■ Assigned task ■
After locating the line that contains "BMW 740 xDrive Limousine Facelift 2027", output that line and each one following it, exactly, to the end of the entries. No pictures.

----------------------------------------

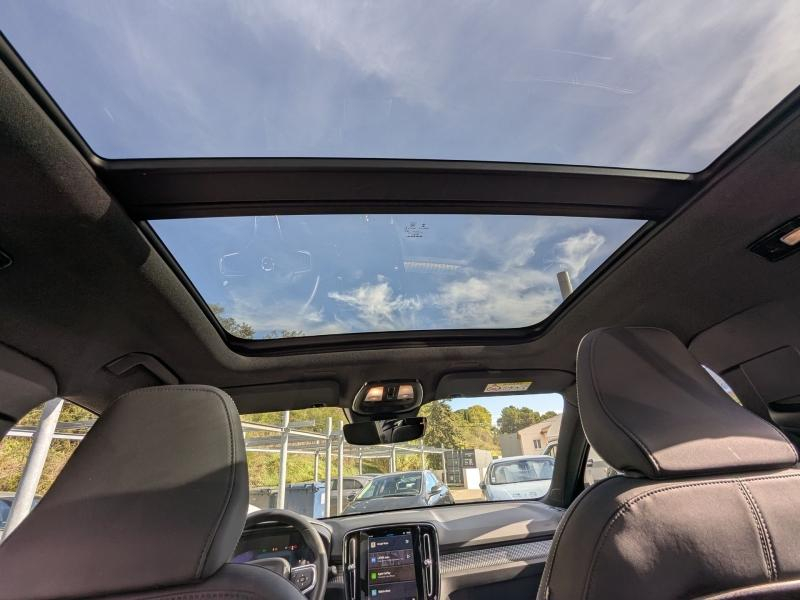 Photo 17 de l’annonce de VOLVO XC40 d’occasion à vendre à AIX-EN-PROVENCE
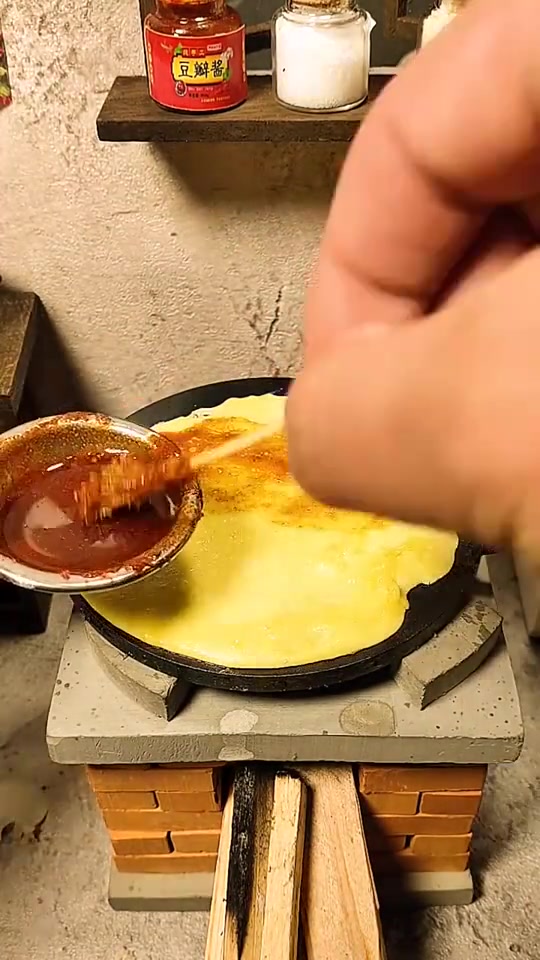 煎饼果子来一套,一口秒没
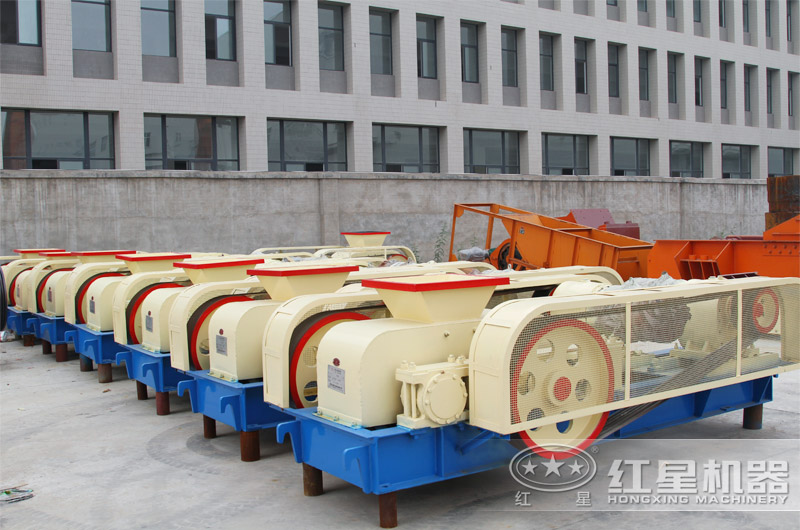 紅星機(jī)器生產(chǎn)的輥式破碎機(jī) 紅星機(jī)器生產(chǎn)的輥式破碎機(jī)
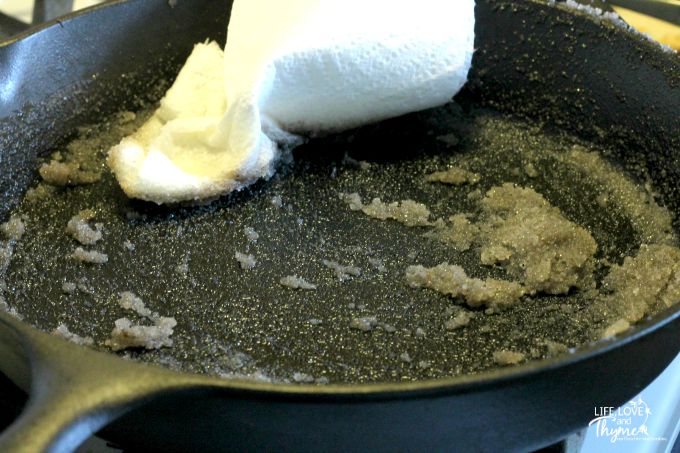 How to Clean a Cast Iron Skillet 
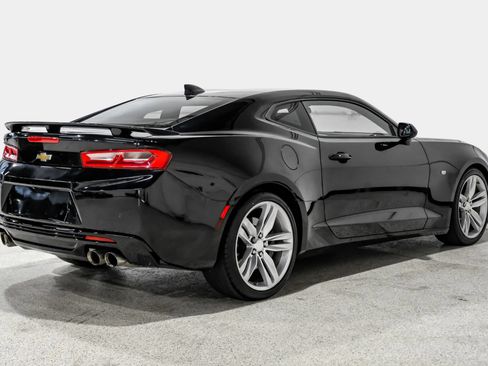 Used 2018 Chevrolet Camaro SS RWD image 6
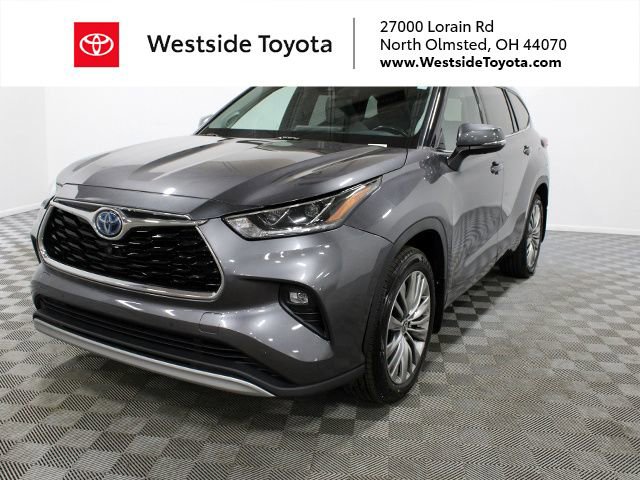 Certified 2021 Toyota Highlander Platinum AWD/4WD image 1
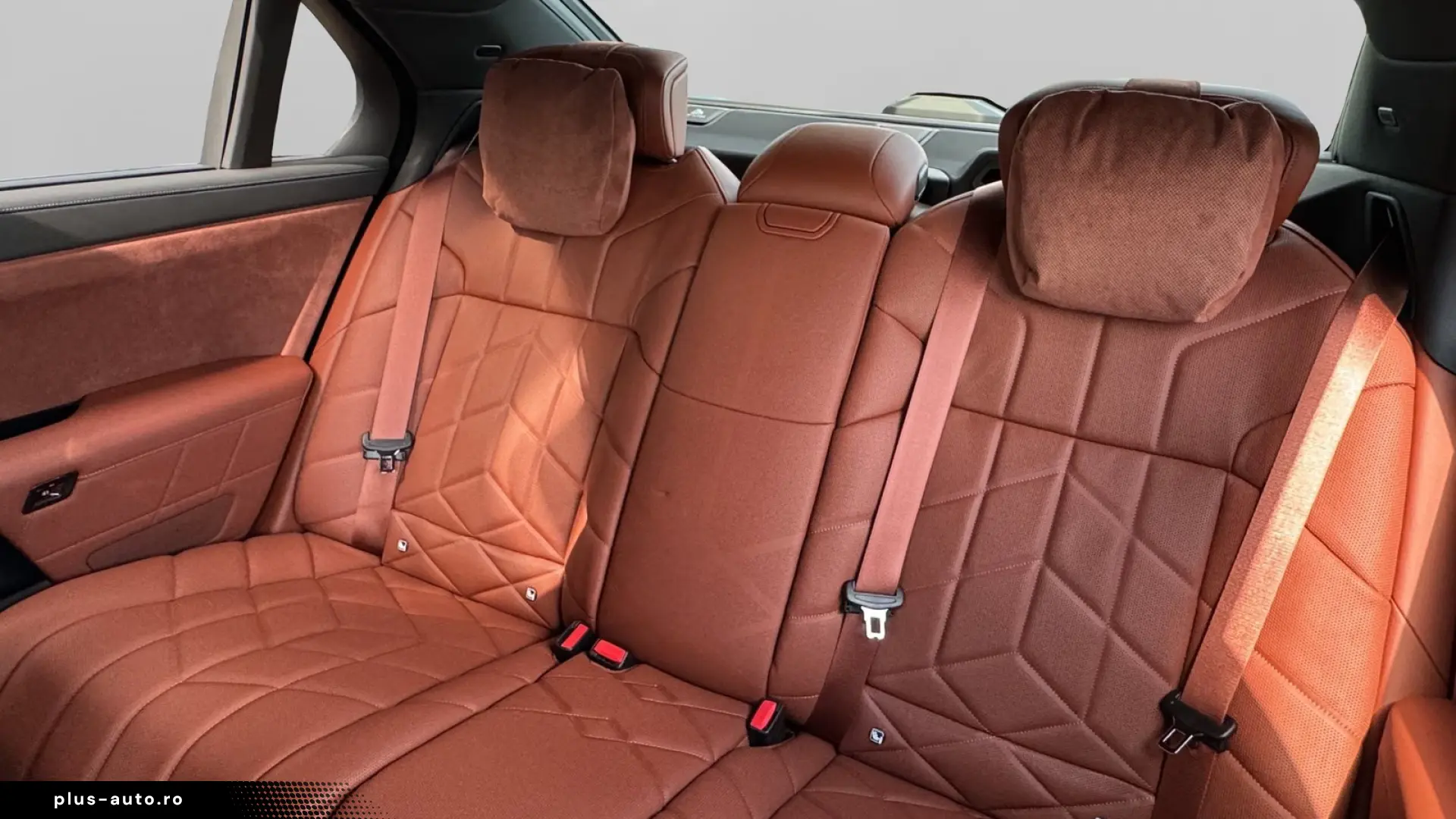 BMW 740 xDrive Limousine Facelift 2027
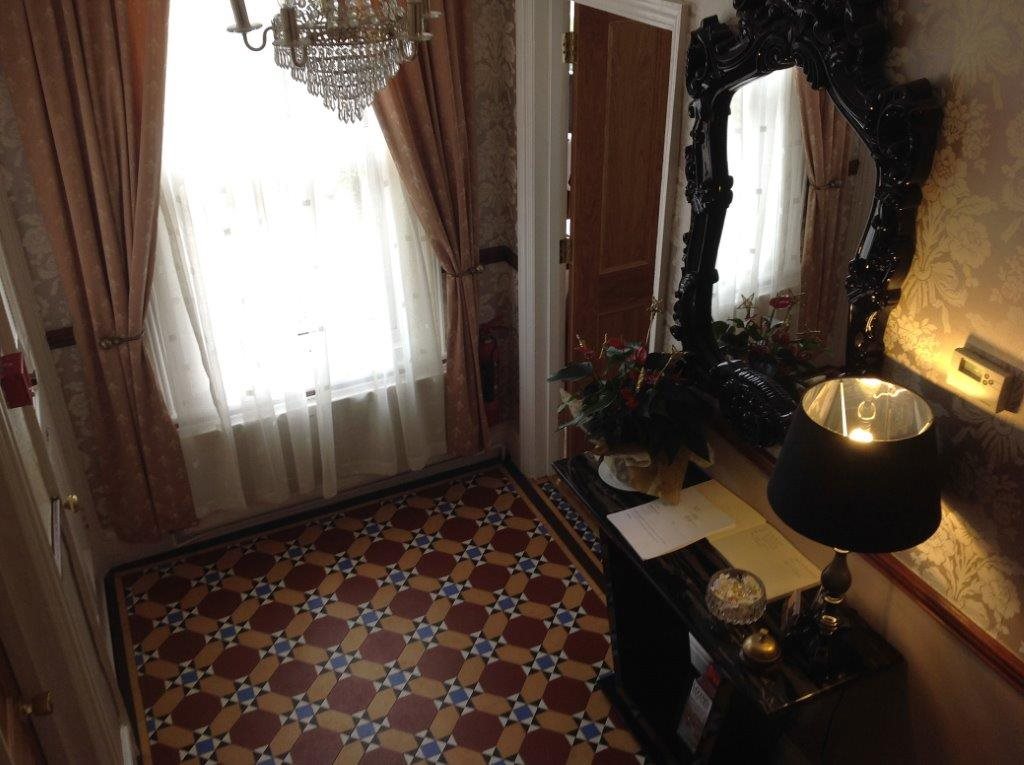 Lakeside Guesthouse 5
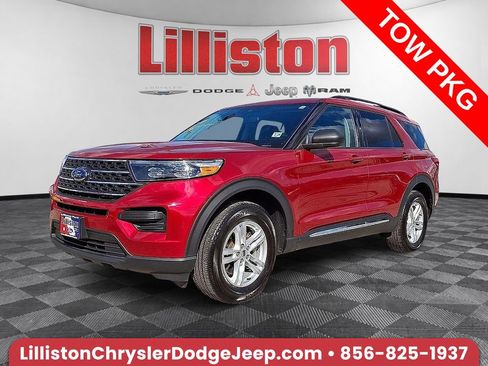 Used 2024 Ford Explorer XLT w/ Class IV Trailer Tow Package AWD/4WD image 1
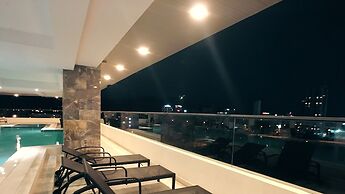 Sea Garden Hotel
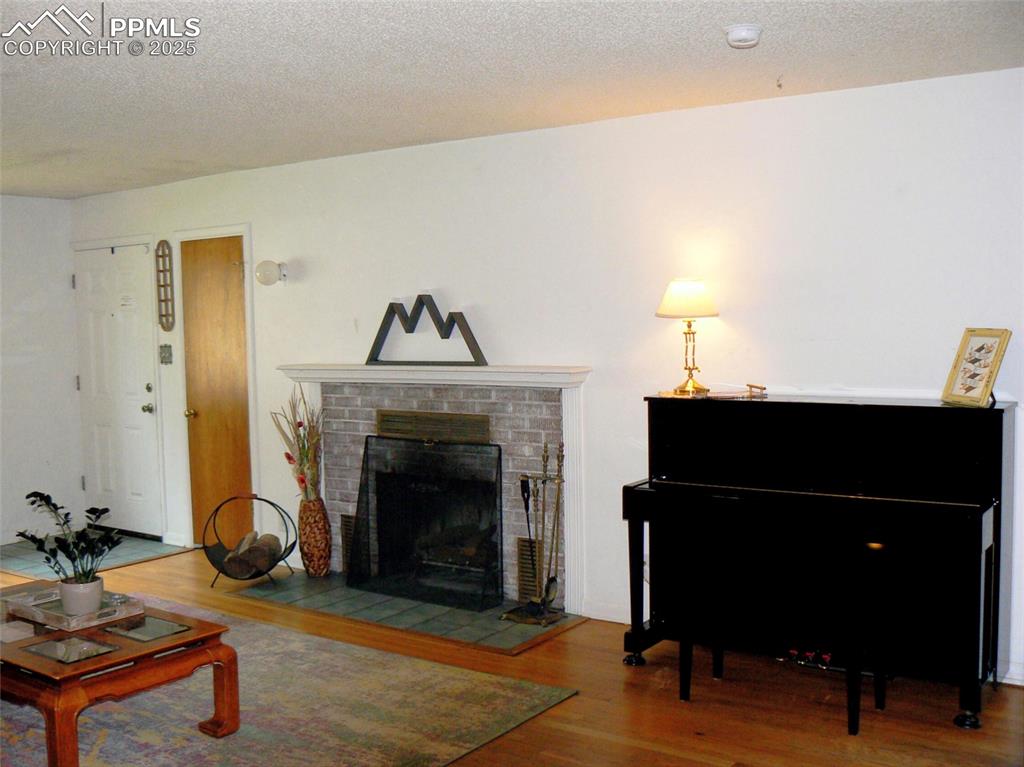 Image 6 of 30: Living Room
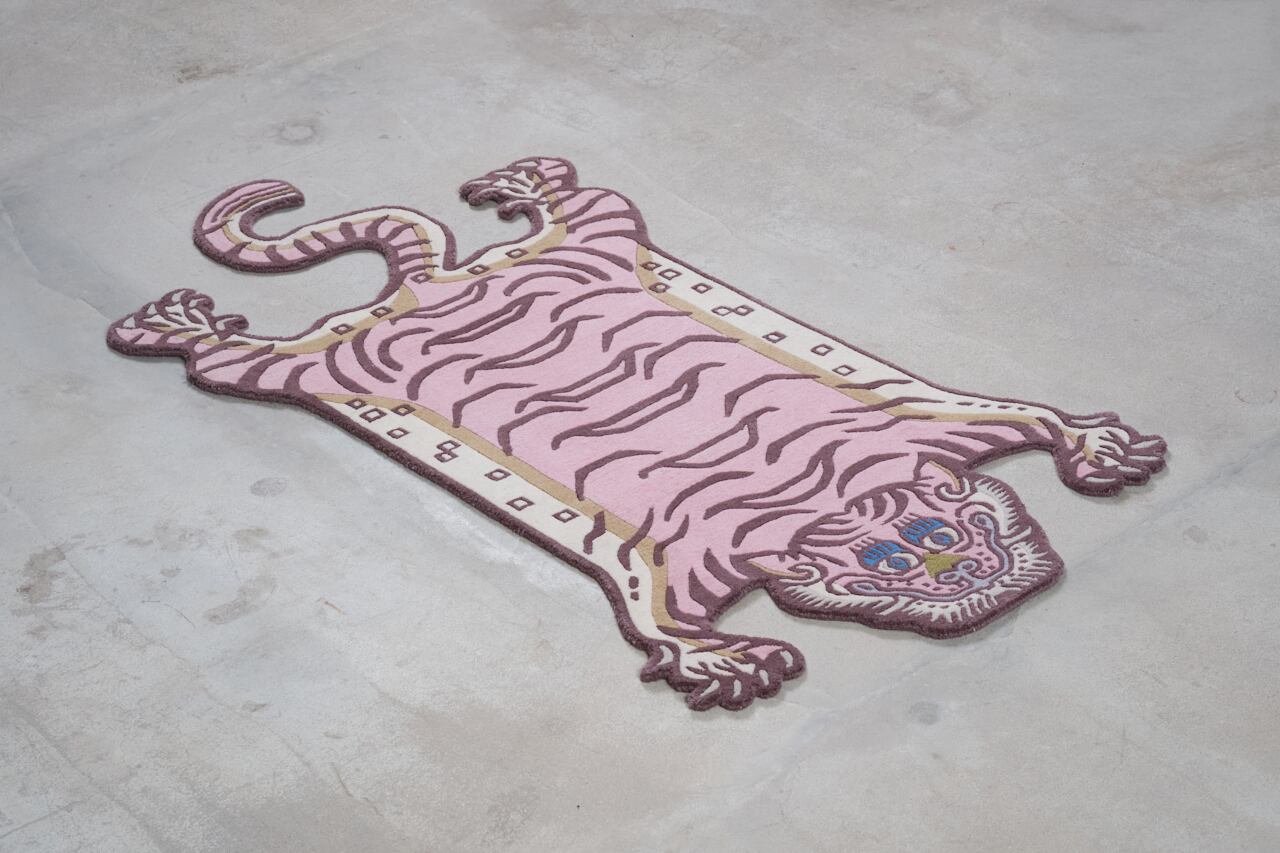 Tibetan Tiger Rug 《Mサイズ•ウール・オリジナル3・ピーチブロッサム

----------------------------------------

■ Exercise answer ■
 BMW 740 xDrive Limousine Facelift 2027
 Lakeside Guesthouse 5
 Used 2024 Ford Explorer XLT w/ Class IV Trailer Tow Package AWD/4WD image 1
 Sea Garden Hotel
 Image 6 of 30: Living Room
 Tibetan Tiger Rug 《Mサイズ•ウール・オリジナル3・ピーチブロッサム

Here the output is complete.